Kudos to France for revoking the ramp passes of four suspicious Muslim employees at Charles de Gaulle Airport.

A local government spokesman says the decision was based on an assessment of the terrorist risk.

He denied the move was linked to the men's religion.

Lawyers acting for the four men say that dozens of other Muslims who work at the airport have also been stripped of their security passes, leaving them unable to work.

The four men, who are of North African origin, say they were summoned by security officials for interviews concerning their employment in August.

A few days later they were told that their airport passes, which gave them access to the area near runways, were being withdrawn.

A lawyer acting for the men said the baggage handlers were told they had been barred because they had "not shown that their behaviour was unlikely to violate airport security".

As well as appealing against the local authority's decision, the baggage handlers' lawyers have submitted a criminal complaint for alleged discrimination against the men on the grounds that they are Muslims.

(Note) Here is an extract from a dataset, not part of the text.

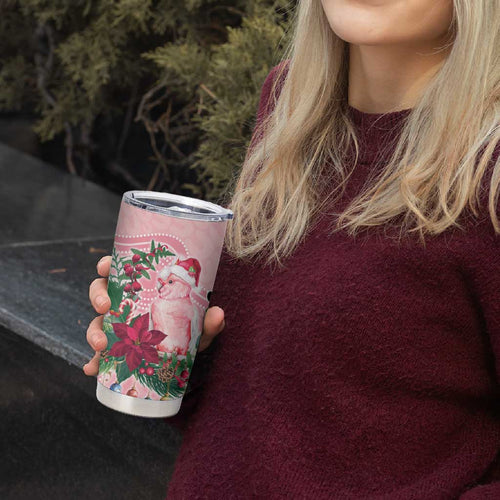 Watercolor Pink Galah Flowers Tumbler Cup Australia Christmas Vibes - Aussie Hoodie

The head of a local government office, Jacques Lebrot, said the ban had nothing to do with religion.

"For us, someone who goes on holiday to Pakistan several times raises questions," he told Reuters News Agency.

They have made exactly the right move, whether the Muslims or the Politically Correct like it or not. There is no reason for North Africans to be visiting Pakistan "several times" - Algeria, sure, they would have tons of family there. But Pakistan? It raises supicions. Those ramp passes are precious commodities, and if the Lockerbie bombing is anything to go on, revoking them before a tragedy was the best way to proceed. Good for France!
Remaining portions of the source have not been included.